Protocol reference

Protocol flow overview

  • WS Handshake: the client initiate the connection, passing its authentication token (JWT) in the Authorization HTTP Header.
  • The server verifies the token and grants access if the token is valid or refuses.

Once the client is granted access, it can run several successive sessions without disconnecting and reconnecting — quota management is left out of this blueprint as it is a wider concern that just this service.

A session is a context to which attributes (called "session" attributes) can be attached and a unit of work that scopes "global" or defaults recognition parameters the client may set and in which recognition requests are issued. In general, we recommend that a session matches a human-bot interview or "conversation" (e.g. a phone call): the session is started at the beginning of the phone call and stopped at hang up.

Contrary to the conversation based API, only one speaker audio is streaming during a session and the ASR doesn't run continuously. The ASR+NLU is started by a recognition request when the client needs it, and it stops when the expected information is found or when some timer expires. The client describes the information it expects by one or more grammars.

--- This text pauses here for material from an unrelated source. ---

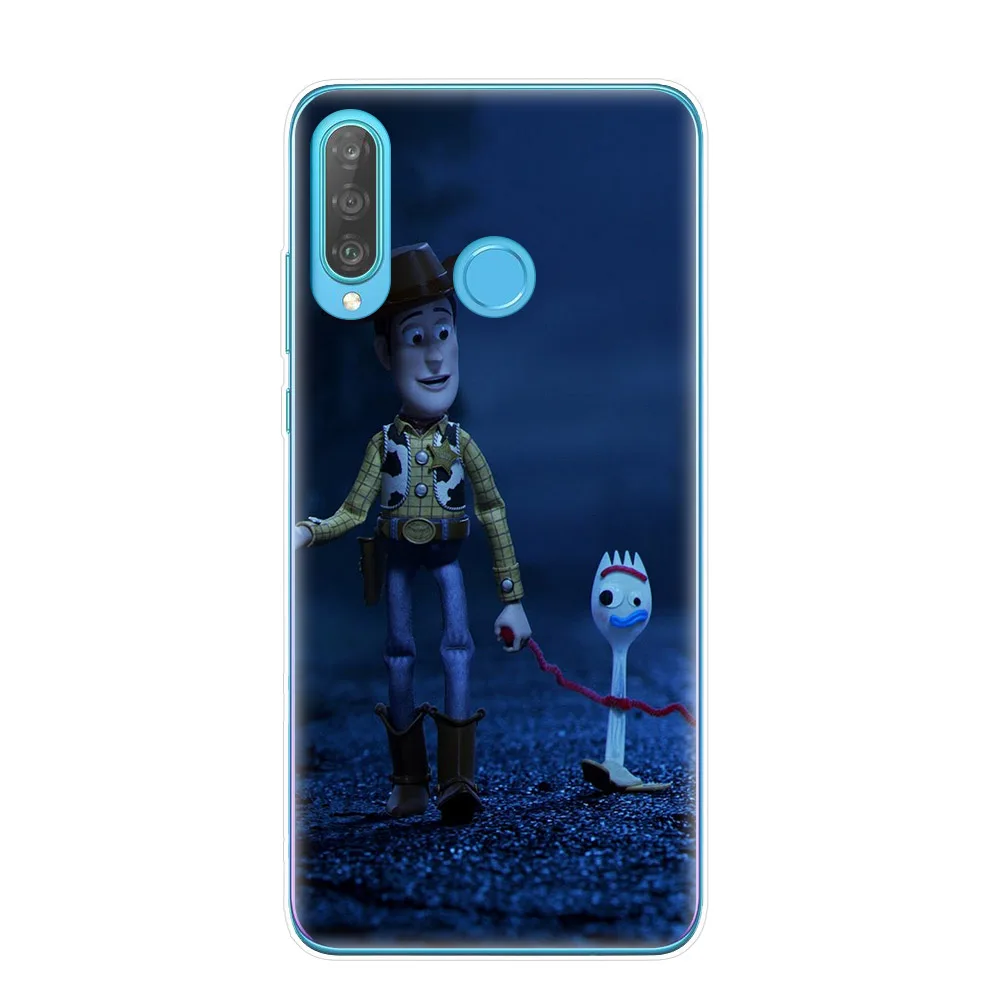 Cowboy Woody Buzz Lightyear Toy Story чехол для телефона Coque huawei P30 P20 Lite Pro P10 P9 P8 Lite Мягкий силиконовый чехол Funda - Цвет: T6886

A grammar is a kind of preset identified by an URI that will setup both our ASR and NLU engines for the task. Some of those presets can be further customized by the client by passing parameters to them in a "query" string.

The client can issue several recognition requests during a session, but at any given time, at most one request may be active. You cannot have concurrent recognition requests running in parallel. If you want to try several possible interpretations at the same time, you would use one request with several grammars; see recognition request below.

  • The client opens a new session, specifying session attributes that will then appear on invoices. Session attributes are useful for the client's accounting purposes.
  • Once a session is opened, the client can start streaming audio. No transcription will occur yet (and hence, no fees!).
  • While streaming, the client can send different commands (in the same connection) to the server:
    • SET-PARAMS — set default recognition parameters that will be valid for the rest of the session or until another SET-PARAMS command replaces them;
    • DEFINE-GRAMMAR — define a convenient alias for a grammar, valid for the rest of the session (there is no point in redefining an existing alias);
    • RECOGNIZE — start the ASR and interpretation process; the command can temporarily override any parameter previously set with SET-PARAMS; the recognition parameters (including the chosen grammars) define precisely how and when the recognition stops;
    • START-INPUT-TIMERS — among the termination conditions are timeouts; if the RECOGNIZE didn't start the timers already, the client can start them later with this command;
    • STOP — stop the ongoing RECOGNIZE process before it is due to terminate;
    • GET-PARAMS — get the current session parameter values.
  • The client can also close the session. It must stop streaming then.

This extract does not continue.